# I've returned! (:



## kaseyisrad (Aug 22, 2008)

Hey guys, I'm back on the Forum. 

I haven't had a busy summer really, alot of reinventing, I suppose. I visted my mother for a month out of my summer vacation, only to see that she has a new boyfriend and a need to have me in her life more. School vacations is all she'll get for now. She's doing alot better though, I was suprised.

I'm working on alot of new peices. Poems and short stories more often now than anything. I haven't been able to grab on to anything and turn it into a novel yet; that's why I'm here. I find when I'm around other writers I tend to want to write more. Maybe it's a competitive thing. 

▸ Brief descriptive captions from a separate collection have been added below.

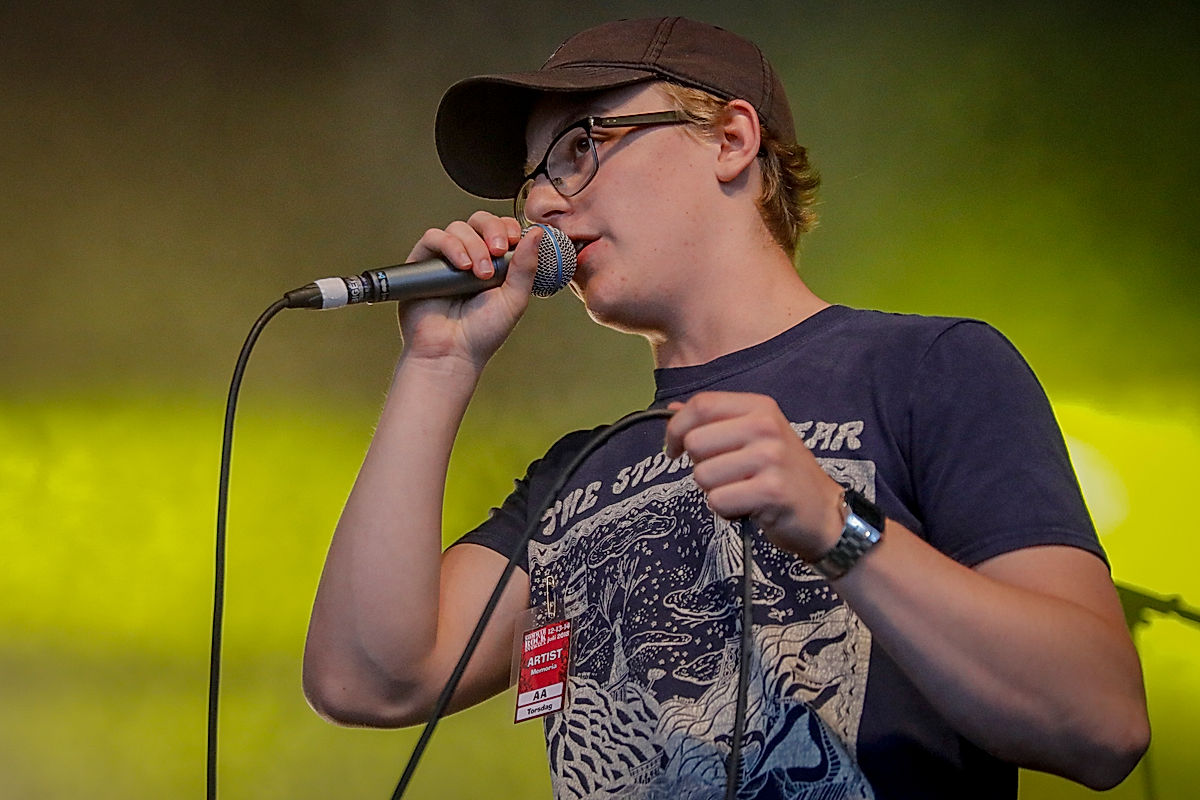 Memoria - 2018 - SommarRock Svedala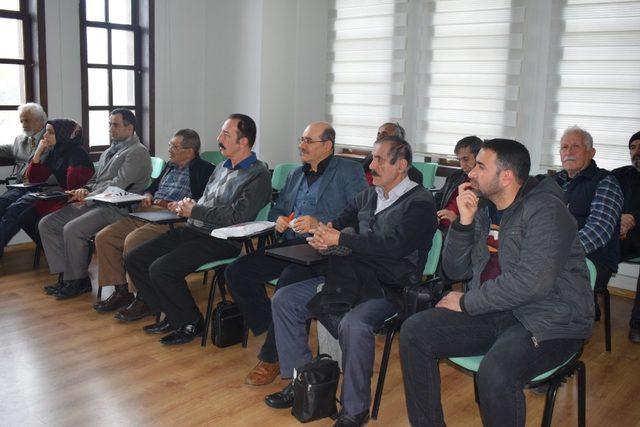 Kent Konseyi Malatya’nın kalemlerini tanıtmaya devam ediyor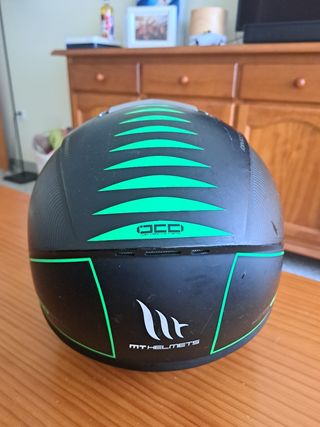 Casco Jet Moto MT Helmets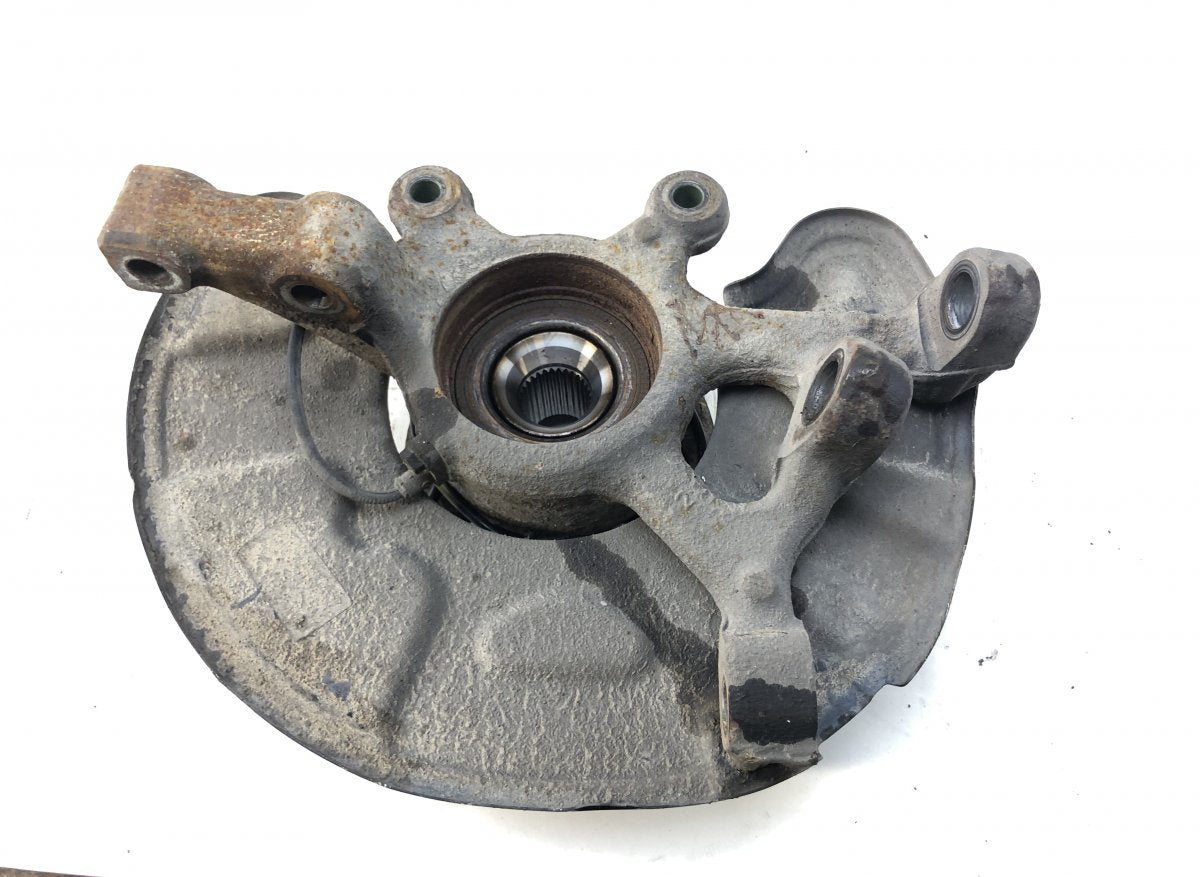 A2123321601 Wheel bearing housing front right MERCEDES-BENZ E-CLASS (W212) (2009-2016)
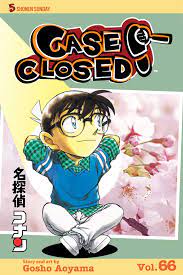 [21+] Case Closed, Vol.66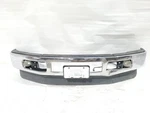 2008 2009 2010 Ford F250 Oem Front Bumper Chrome Has Dent. Fixed Price $200.00.
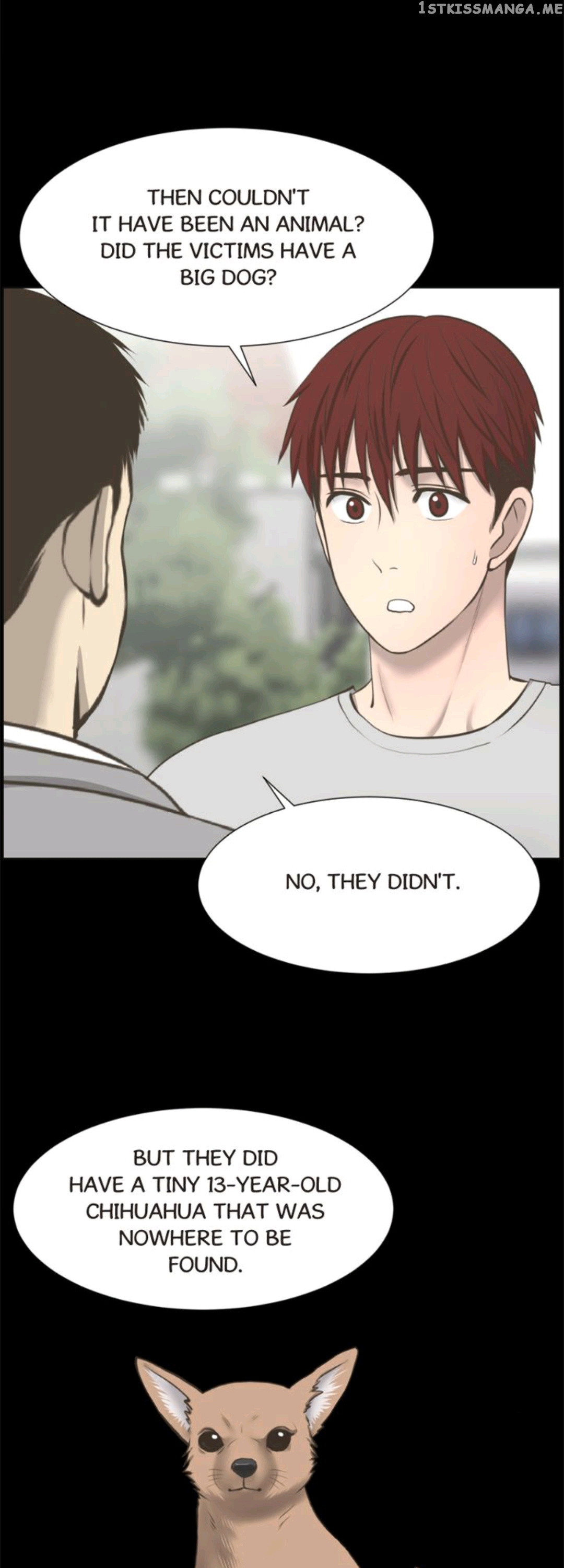 Luna – Manga chapter 27 - page 25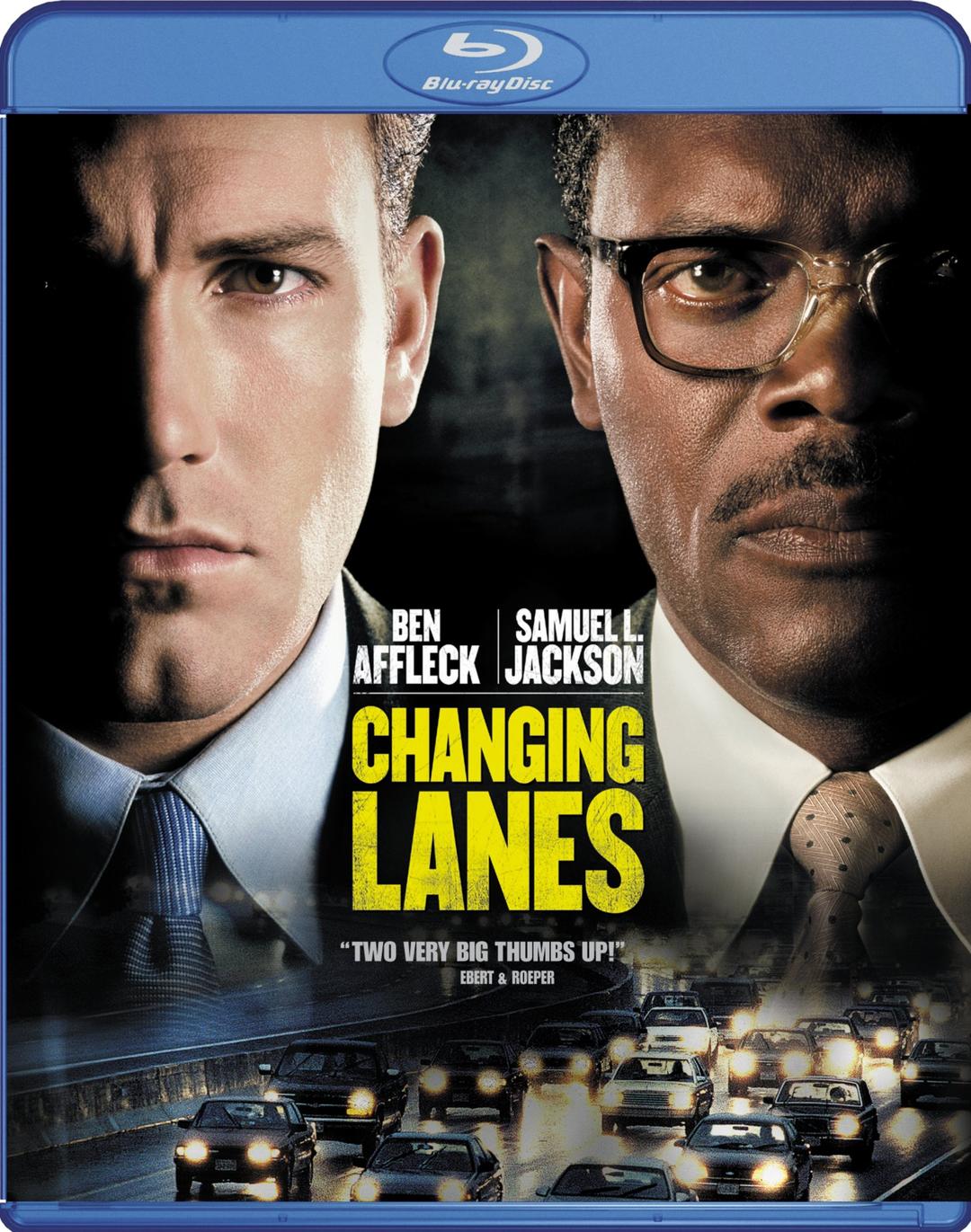 Changing Lanes [Blu-ray]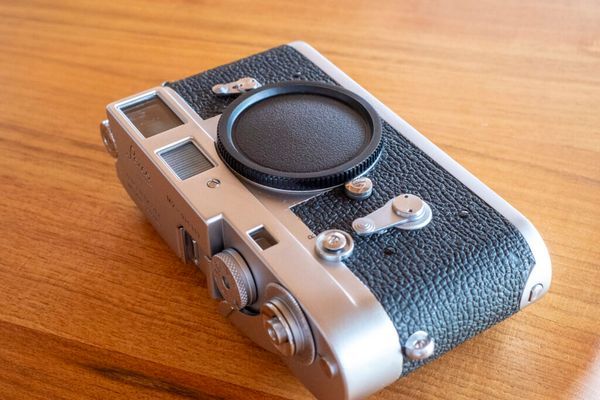 Leica M2 クロームの参考画像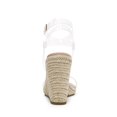 thumbnail image 3 of Sandalia DREAM PAIRS Cuña Espadrille Transparente Nude Talla 7.5, 3 of 6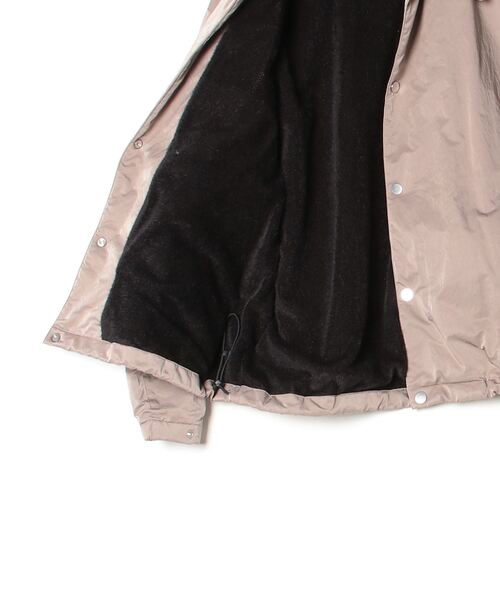「BEAUTY\u0026YOUTH UNITED ARROWS」 コーチジャケット M 黒いこと メンズ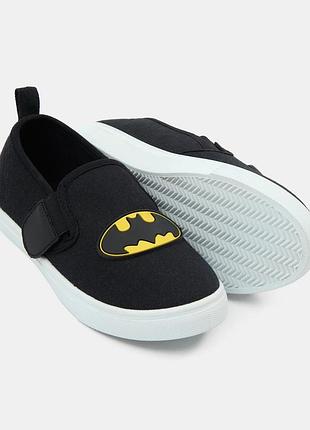 Кеди batman для хлопчика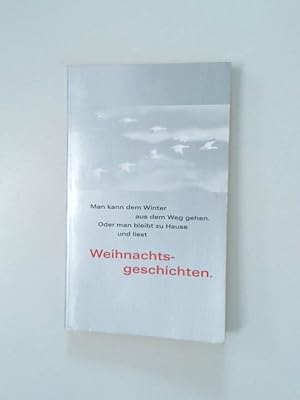 Image du vendeur pour Weihnachtsgeschichten am Kamin 1 ges. von Ursula Richter und Wolf-Dieter Stubel mis en vente par Antiquariat Buchhandel Daniel Viertel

Also, I've found I really love acting. I'll be starring in Beauty and the Beast this fall. 

Look forward to posting again. 

-Kasey \\/


----------



## SparkyLT (Aug 22, 2008)

Hey and welcome back, Kasey.

Ah, I envy you. Acting is something I wanna do in my life at some point...


----------



## kaseyisrad (Aug 22, 2008)

Thank you. 
& Go for it! It's really great for stress, it's nice to escape into someone elses life for awhile.


----------



## terrib (Aug 22, 2008)

welcome back kasey...glad to hear your mom is doing better....sure missed you, kid


----------



## kaseyisrad (Aug 22, 2008)

Thanks, Terrib.


----------



## SparkyLT (Aug 22, 2008)

> it's nice to escape into someone elses life for awhile


That's probably part of why I write. I really couldn't act though; I get stage fright holding a conversation with more than three people ;-)


----------



## Nickie (Aug 23, 2008)

Welcome back!


Nickie


----------



## Shinn (Aug 23, 2008)

Welcome back to WF Kasey


----------



## Sam (Aug 23, 2008)

Welcome back, Kasey.


----------



## Tiamat (Aug 23, 2008)

Welcome back, Kasey.  Been wondering where you'd disappeared to.


----------



## flashgordon (Aug 23, 2008)

Welcome back.... I wish I had a summer vacation.


----------



## kaseyisrad (Aug 24, 2008)

Thanks guys!


----------



## Lexy (Aug 25, 2008)

Hi Kasey....grats on Beauty and the Beast! 
By the way, really like your signature.


----------



## kaseyisrad (Aug 25, 2008)

Thank you, and thank you.


----------



## Otto Ray Sing (Aug 25, 2008)

Kasey, it's good to find that your mother is feeling better.  Keep up the acting.  Maybe someday we'll see you on the big screen.


----------



## kaseyisrad (Aug 25, 2008)

Thank you! Hmm, being on the big screen sounds lovely


----------



## A-L (Aug 25, 2008)

Welcome back!


----------



## XxSavannahxX (Aug 27, 2008)

KASEYYYYYYY WRITING BUDDYYYYY (= I never thought I would find you on here!!!! haha I just got your comment for "Fair Weathered Secret" and thank you, I really have been trying to work on description. (= 

I also took your advice and signed up here (= so thank you so much for recommending this site (=

XoXo.


----------



## kaseyisrad (Aug 27, 2008)

No problem!


----------